Je peux me fabriquer mes propres réponses pour remplir mon silence, en les tirant de ma tête, de mon cœur. J’attire votre attention ici sur la grande tentation qui est la nôtre : vouloir remplir nos silences par des paroles qui n’en sont pas, et qui par conséquent nous empêchent de vivre notre conflit et d’en sortir transformé, ou qui empêchent les autres de le vivre (parce que le silence que les autres traversent, cela me dérange).
J’aimerais tellement, moi, chrétien, fils de la Parole, porteur de la Parole, avoir une parole pour tout le monde ! J’aimerais être toujours en mesure de dire : voilà la parole de Dieu pour toi, mon frère, ma sœur. Mais je serais Dieu ! « Vous serez comme des dieux ! » N’est-ce pas une tentation de vouloir être ces gens qui ont la parole pour les autres ?
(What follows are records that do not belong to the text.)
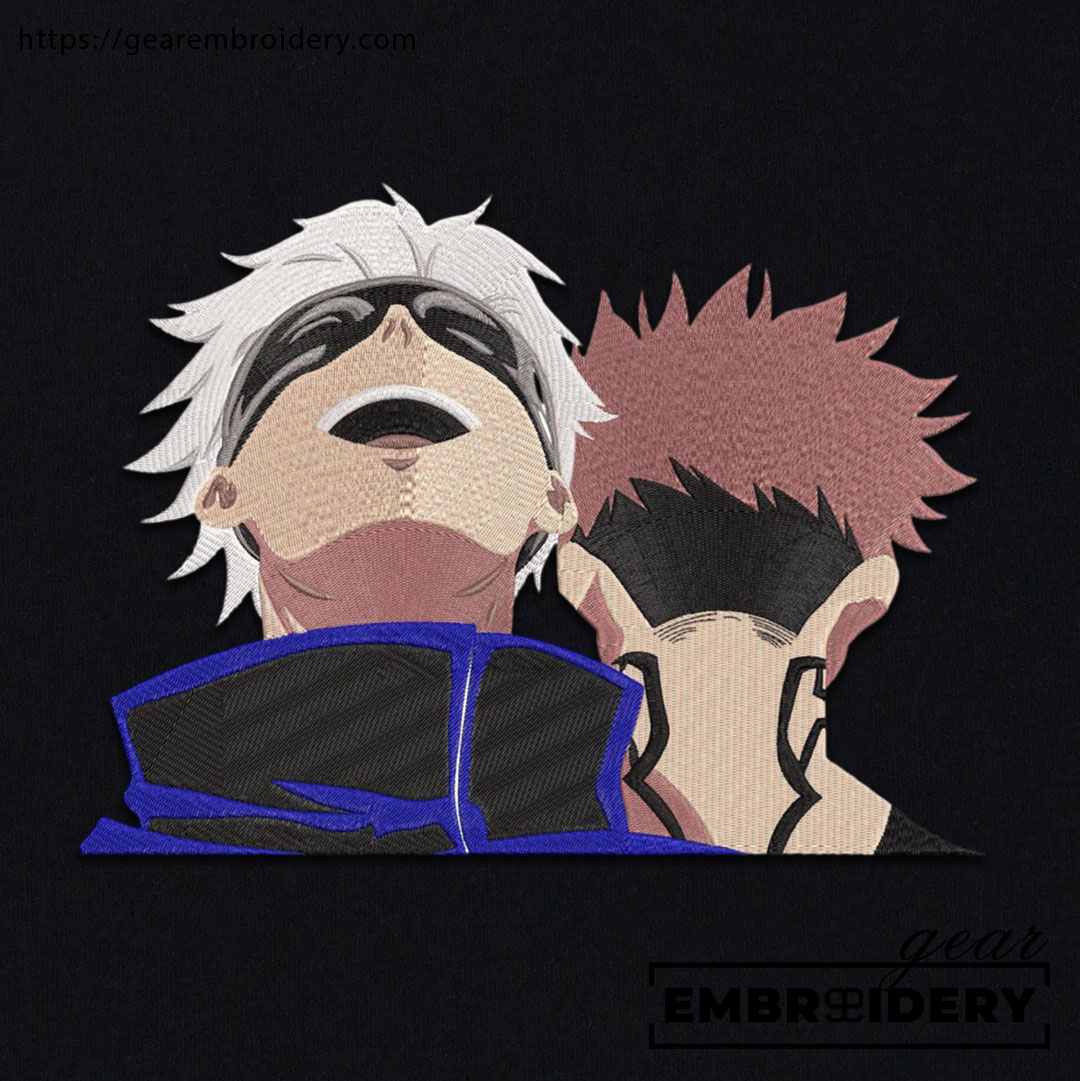 Itadori gojo Jujutsu Kaisen Anime Embroidered Design Personalized Embroidered T Shirt Sweatshirt Hoodie Clothing JK059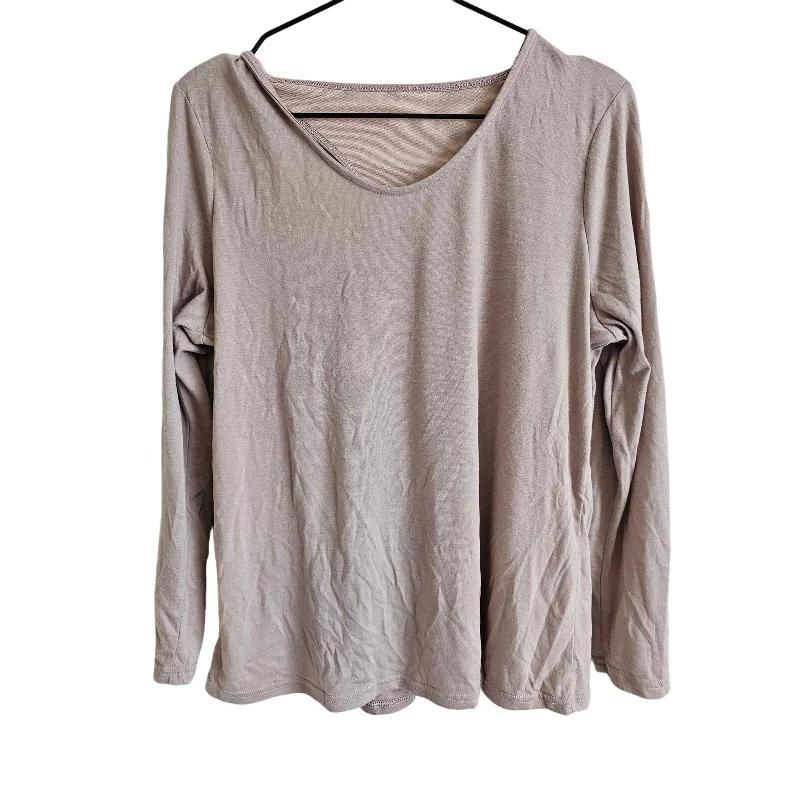 Weekend Deal Tahari Sport Womens Sz L Long Sleeve Athletic Shirt Blush Pink Open Back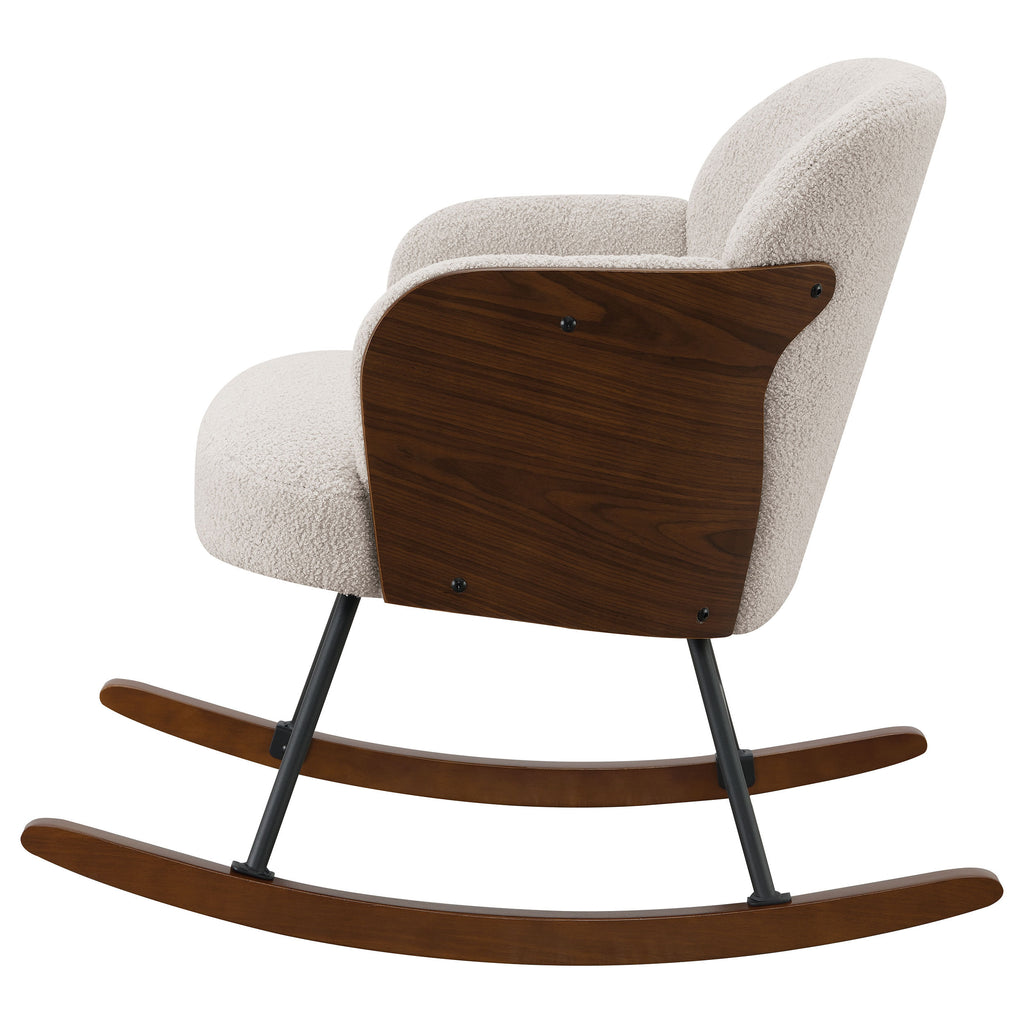 Valera Beige Boucle Upholstered Mid Back Rocking Chair with Walnut-Finished Frame and Wooden Rockers - Grand Goldman Shop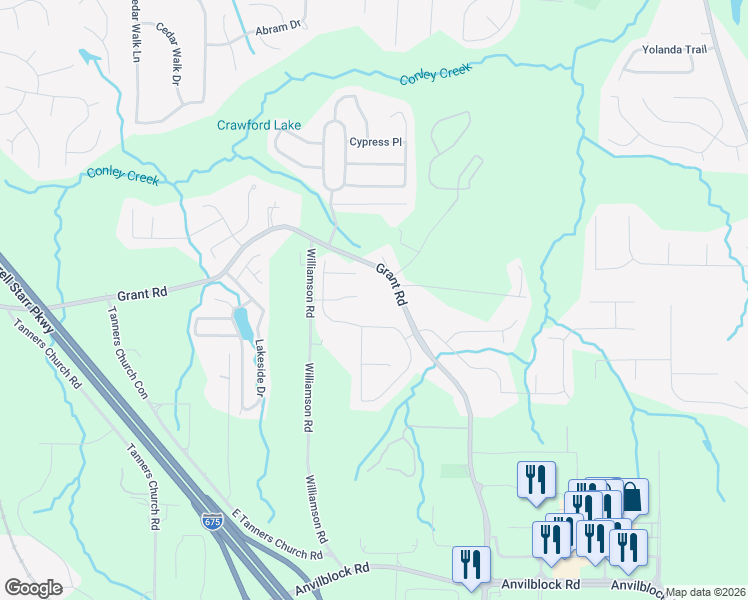 map of restaurants, bars, coffee shops, grocery stores, and more near 4029 Grant Road in Ellenwood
Alors que souvent, nous devrions reconnaître humblement le silence, dire : « je ne sais pas ». Et il faut attendre. Je peux te confirmer dans ta foi, t’encourager, je peux avancer avec toi. Mais je dois accepter ma finitude, cette finitude de la parole et, comme Moïse, vivre dans l’attente de la parole sans me culpabiliser.
Il est normal qu’il y ait des temps de silence. C’est là dans ces tensions que nos vies changent. Nous devons accepter simplement de rester homme à l’écoute de Dieu, et non pas vouloir être Dieu pour les hommes.